Along this line, try to design a better approximation algorithm by bounding value of the split item (to be discarded later).

Week 12

1-1 What are the differences between Greedy algorithm and Local Search?

1-2 A bipartite graph G is one whose vertex set can be partitioned into two sets A and B, such that each edge in the graph goes between a vertex in A and a vertex in B. Matching M in G is a set of edges that have no end points in common. Maximum Bipartite Matching Problem finds a matching with the greatest number of edges (over all matchings).

Consider the following Gradient Ascent Algorithm:

As long as there is an edge whose endpoints are unmatched, add it to the current matching. When there is no longer such an edge, terminate with a locally optimal.

  • (a) Give an example of a bipartite graph G for which this gradient ascent algorithm does not return the maximum matching.

  • (b) Let M and M′ be matchings in a bipartite graph G. Suppose that ∣M′∣>2∣M∣. Show that there is an edge e′ in M′ such that (M∪e′) is a matching in G.

  • (c) Use (b) to conclude that any locally optimal matching returned by the gradient ascent algorithm in a bipartite graph G is at least half as large as a maximum matching in G.

Week 13

1-1 A Las Vegas algorithm is a randomized algorithm that always gives the correct result, however the runtime of a Las Vegas algorithm differs depending on the input.

A Monte Carlo algorithm is a randomized algorithm whose output may be incorrect with a certain (typically small) probability.

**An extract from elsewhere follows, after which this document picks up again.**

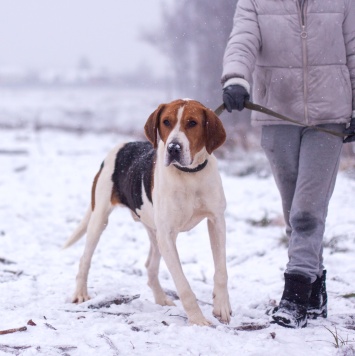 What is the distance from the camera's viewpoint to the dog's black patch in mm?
3934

The running time for the algorithm is fixed however.

Which one is better?

What is the relationship between them?

1-2 Let's consider the Randomized Quicksort where each pivot is randomly chosen from the subsequence. The following is the pseudo-code:

RandQSort( A, L, R ) {
    if (L < R) {
        i = random(L, R);
        swap(A[i], A[R]);
        p = Partition(A, L, R);
        RandQSort( A, L, p-1 );
        RandQSort( A, p+1, R );
    }
}

Show that the expected running time is O(nlogn) for sorting A[1⋯n].

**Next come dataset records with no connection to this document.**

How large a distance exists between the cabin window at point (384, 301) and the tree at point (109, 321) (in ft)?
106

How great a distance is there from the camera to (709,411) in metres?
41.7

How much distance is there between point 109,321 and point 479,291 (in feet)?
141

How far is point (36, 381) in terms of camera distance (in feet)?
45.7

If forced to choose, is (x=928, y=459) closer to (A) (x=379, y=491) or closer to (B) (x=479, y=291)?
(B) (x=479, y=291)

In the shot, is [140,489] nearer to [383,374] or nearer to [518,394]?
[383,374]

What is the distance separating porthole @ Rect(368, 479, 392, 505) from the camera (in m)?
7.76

Hint: Partition is called n times. Each call takes a constant time plus the number of comparisons with the pivot. Hence the total run time is O(n+X) where X is the total number of comparisons with the pivots. You need to prove that E[X]=O(nlogn).

1-3 Given a 3-SAT formula with k clauses, in which each clause has three variables, the MAX 3-SAT problem is to find a truth assignment that satisfies as many clauses as possible. A simple randomized algorithm is to flip a coin, and to set each variable true with probability ½, independently for each variable.

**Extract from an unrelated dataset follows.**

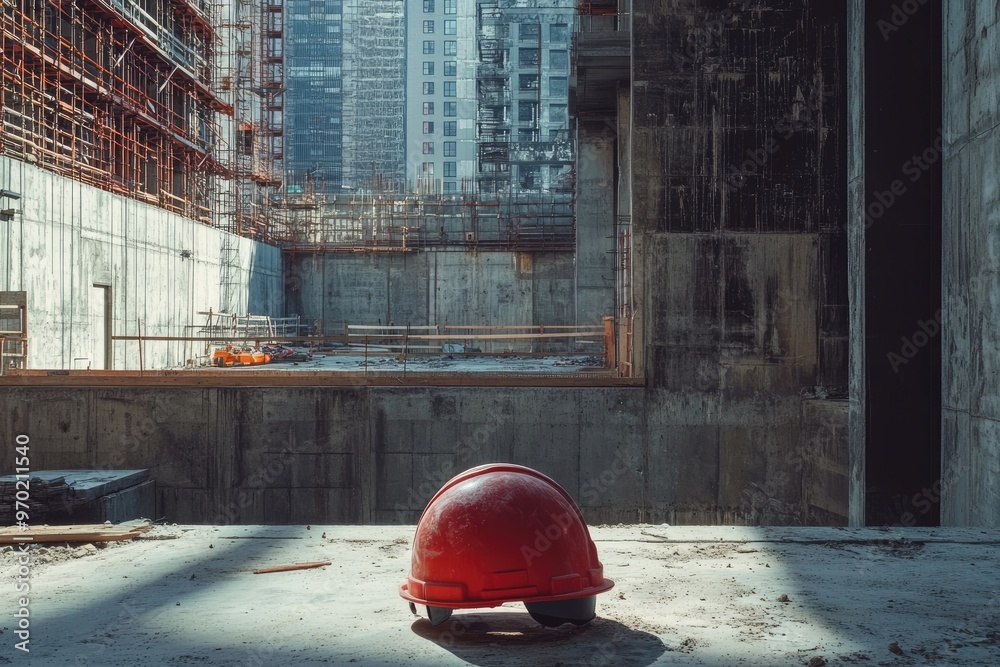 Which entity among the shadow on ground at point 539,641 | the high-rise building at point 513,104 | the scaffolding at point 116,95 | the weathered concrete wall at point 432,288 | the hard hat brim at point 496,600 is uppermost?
the high-rise building at point 513,104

Prove that the expected number of clauses satisfied is 7k/8. Hence if we repeatedly generate random truth assignments until one of them satisfies ≥7k/8 clauses, then this algorithm is a 8/7-approximation algorithm.

Week 14

1-1 Please prove that a parallel algorithm with workload W and depth D can be implemented in W/p+D time using p processors for any p>0.

1-2 Given a linked list of n elements which are stored in an array A of size n. Each element, except one (to be called last), has a pointer to its successor in the list; also, each element, except one (to be called first), is the successor of exactly one element in the list.

Define rank(i) as follows: for each i, rank(i)=0 if next(i)=NIL (or “end-of-list”) and rank(i)=rank(next(i))+1 otherwise.

The task is to compute rank(i) for every i. Please design a linear time serial algorithm; and design a parallel algorithm for solving the problem. Please analyse the complexities.

Week 15

1-1 Tournament tree is a complete binary tree with n external nodes and n−1 internal nodes. The external nodes represent the players and internal nodes represent the winner/loser of the match between the two players.

There are mainly two type of tournament tree:

  • Winner tree: each node represents the winner. The final winner is represented by the root.
  • Loser tree: The loser of the match is stored in internal nodes of the tree. But the overall winner of the tournament is stored at tree[0].

Tournament tree may be used in k-way merges.

What are the differences between winner and loser trees? Which one would you prefer for k-way merge? Why?

1-2 What are the features of a good external sorting algorithm?

Can you think of any possible directions of improvements?